What to work on: In the records below, find the line that contains "Başkan Büyükkılıç Ankara'da" and the line that contains "PORT ST LUCIE SECTION 8 - Residential", then retype exactly those two lines and every line between them.

Given data:
+ + + + +

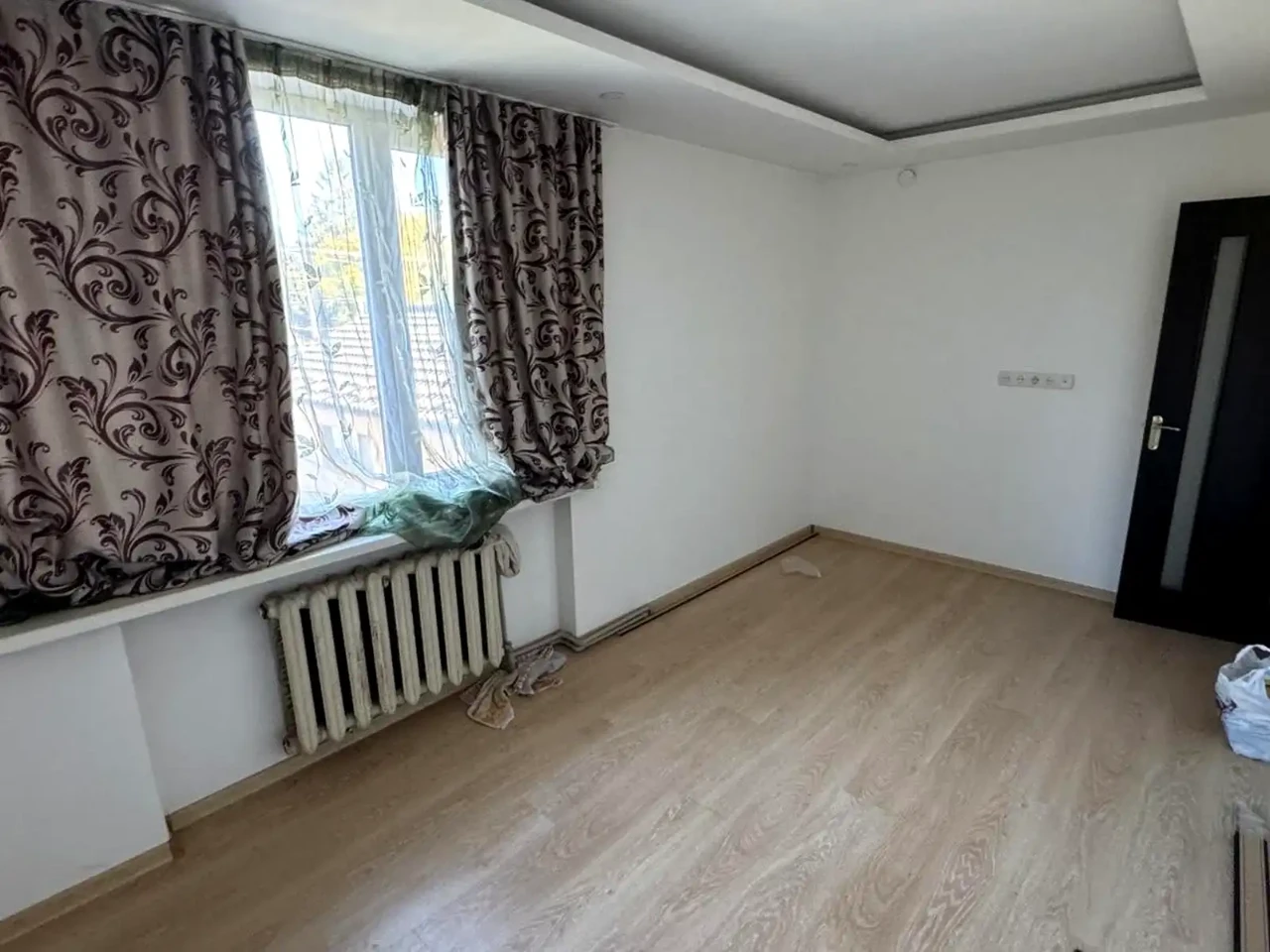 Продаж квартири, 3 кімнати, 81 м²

+ + + + +

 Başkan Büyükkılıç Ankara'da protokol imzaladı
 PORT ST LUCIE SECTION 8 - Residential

+ + + + +

Finished task:
 Başkan Büyükkılıç Ankara'da protokol imzaladı
 PORT ST LUCIE SECTION 8 - Residential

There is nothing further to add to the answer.